After the 2015 Track World Championships last February, I took some time off the bike. When training came along again later in March, I started completely over with a new coach, new training plan, and a completely different objective. The training was so different, but, I stuck with it for 6 weeks. I didn’t miss a single item on my training plan. I did all the rollers, all the gym sessions with every set, all the painful terrible road rides, and every single track effort all the way to the finish line.

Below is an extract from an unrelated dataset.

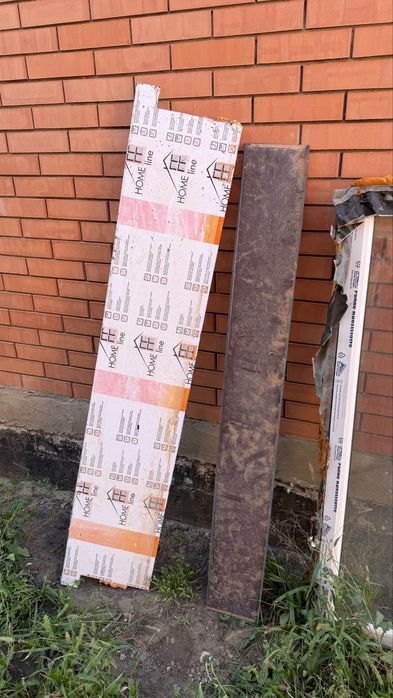 Продам окно пластиковое ш160 в140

When my coach was out of town, I kept to my routine and didn’t use it as an excuse to miss anything. When I went to Colorado Springs for a US National Team camp, I kept up with my training plan, finding a gym off campus from the Olympic Training Center, because they didn’t have a leg press. I stayed true to my food plan and supplements, too, because I knew everything written in that training plan was put in for a reason.
Sure, I wanted to skip rides, I was so tired and so sore. I was riding so slow and I didn’t think I’d ever pull out of the hole. And getting on the rollers before dinner was the last thing on my mind. But I had goals, and my training plan was designed around those goals. So I took three showers on some days, and I went through every chamois I owned in three days. And I ate more almond butter when I really wanted fries. And when I wanted to skip a gym session, I remembered that today’s training laid the ground for tomorrow’s training.
And the morning of May 8th, I rode the fastest flying 200m I’d ridden in my entire life at the LA velodrome, three times. And it was because over the last 6+ weeks, I didn’t miss a single thing.
So what’s my point….
Sometimes it’s hard to wake up early when you’re tired from the day before. Something its easy to order takeout instead of eating what’s on your food plan. Sometimes it’s easier to sit up coming out of the corner instead of pushing all the way to the pursuit line. But if those things were going to help you improve, they would be written in your training plan, right?
Some things in life, we can’t control, like hitting the deck two days after you set an all time PR. But when it comes to making the decision to stay in on a Friday night to get ready for that early Saturday morning group ride, that is within your control. Ultimately, as athletes, it is our responsibility to find that motivation, to keep ourselves on track, and to believe in our coaches. Because we might be in November now, but when June rolls around and we are in the heart of racing season, the work we do now, sets the foundation for what we will be capable then.
You can only expect to get out what you put in. So go all the way to the finish line, dig deeper when you don’t think you can dig anymore, and get up the first time the alarm sounds. Because when the puzzle comes together at the end of the phase, there’s no better feeling than knowing you did everything right to get yourself there when you’re flying around the track, while everyone else is standing still.